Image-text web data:
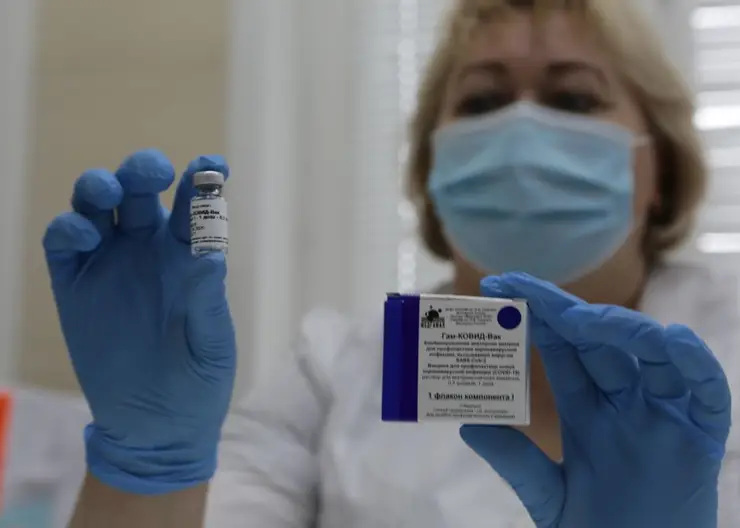 Красноярских врачей начали прививать от коронавируса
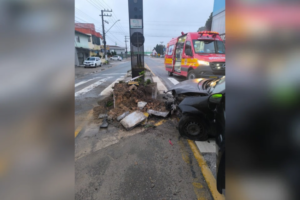 Bombeiros atualizam informações sobre acidente com carro que atingiu lombada eletrônica em Brusque
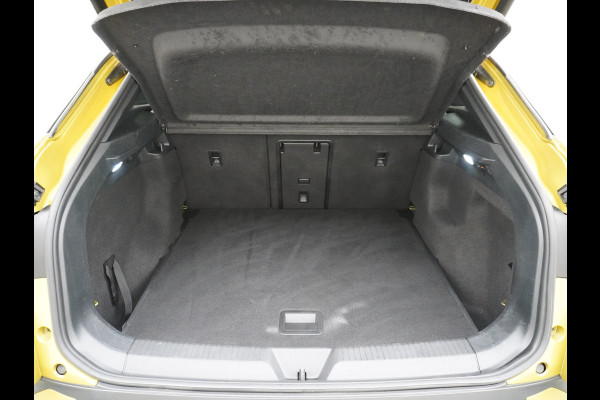 Volkswagen ID.4 Pro Max 77kWh Ergo-Active Elek. Stoelen Memory Leer/Alcantara Trekhaak Warmtepomp Panoramadak Head-Up 360°Camera Apple Carplay A Adap.Cruise Elek.Achterklep Stoel+Stuurverwarming DAB Keyless Advanced 1e Eigenaar Origineel Nederlandse Auto Zeer Compleet!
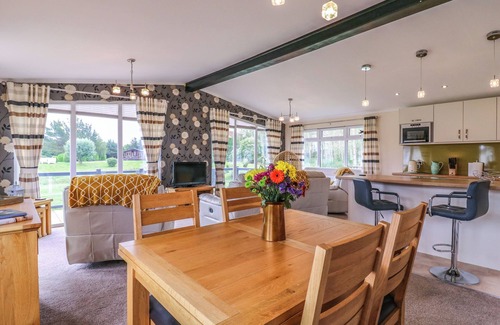 Leiston Cottage | OWLS RETREAT, LODGE 11, pet friendly, with a garden in Aldeburgh
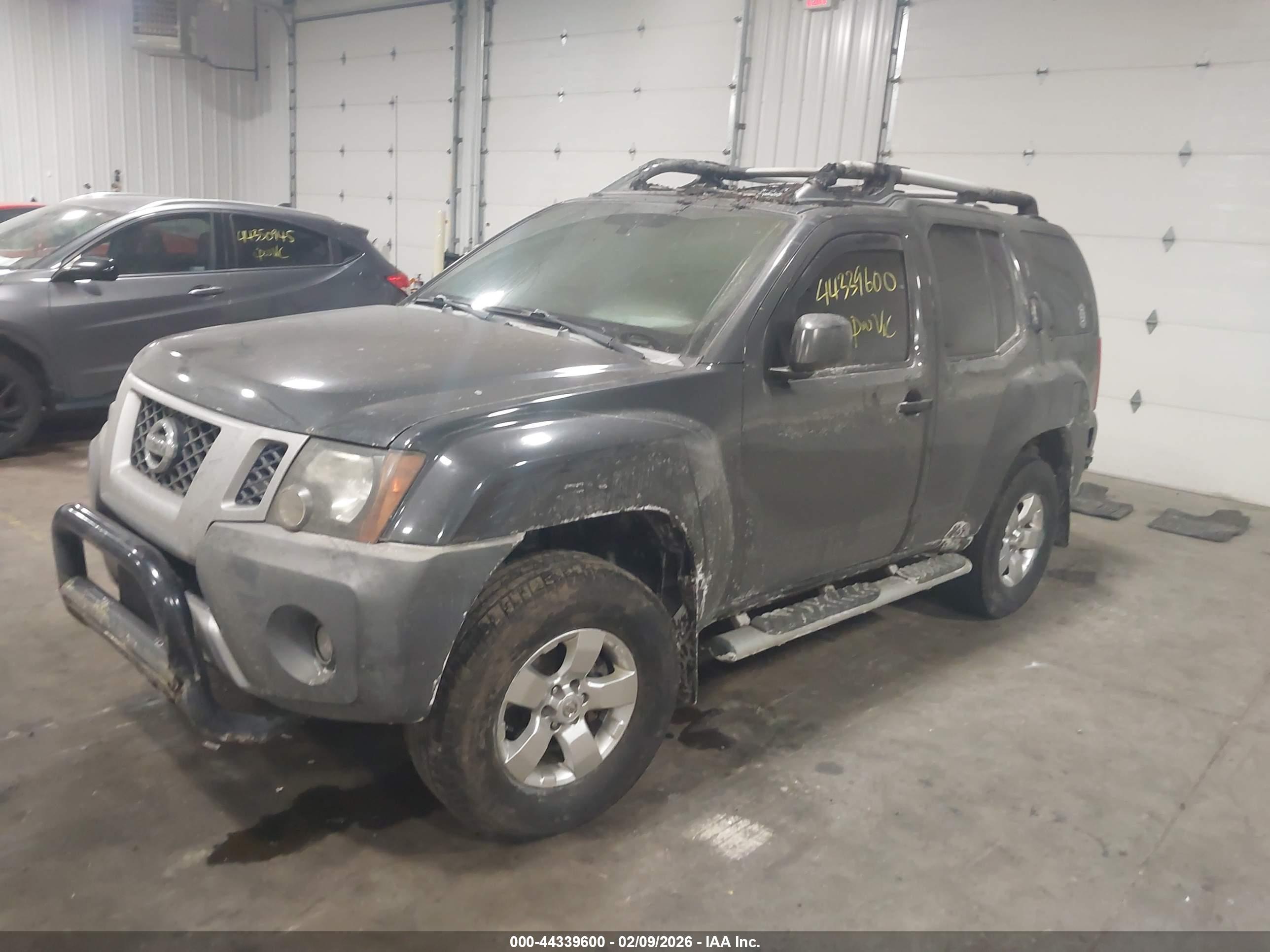 NISSAN XTERRA image 2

TASK DIRECTIONS:
Set down only the lines from the one with "Volkswagen ID.4 Pro" through the end of the entries, exactly as they appear, leaving out each picture.

FINISHED TASK:
 Volkswagen ID.4 Pro Max 77kWh Ergo-Active Elek. Stoelen Memory Leer/Alcantara Trekhaak Warmtepomp Panoramadak Head-Up 360°Camera Apple Carplay A Adap.Cruise Elek.Achterklep Stoel+Stuurverwarming DAB Keyless Advanced 1e Eigenaar Origineel Nederlandse Auto Zeer Compleet!
 Leiston Cottage | OWLS RETREAT, LODGE 11, pet friendly, with a garden in Aldeburgh
 NISSAN XTERRA image 2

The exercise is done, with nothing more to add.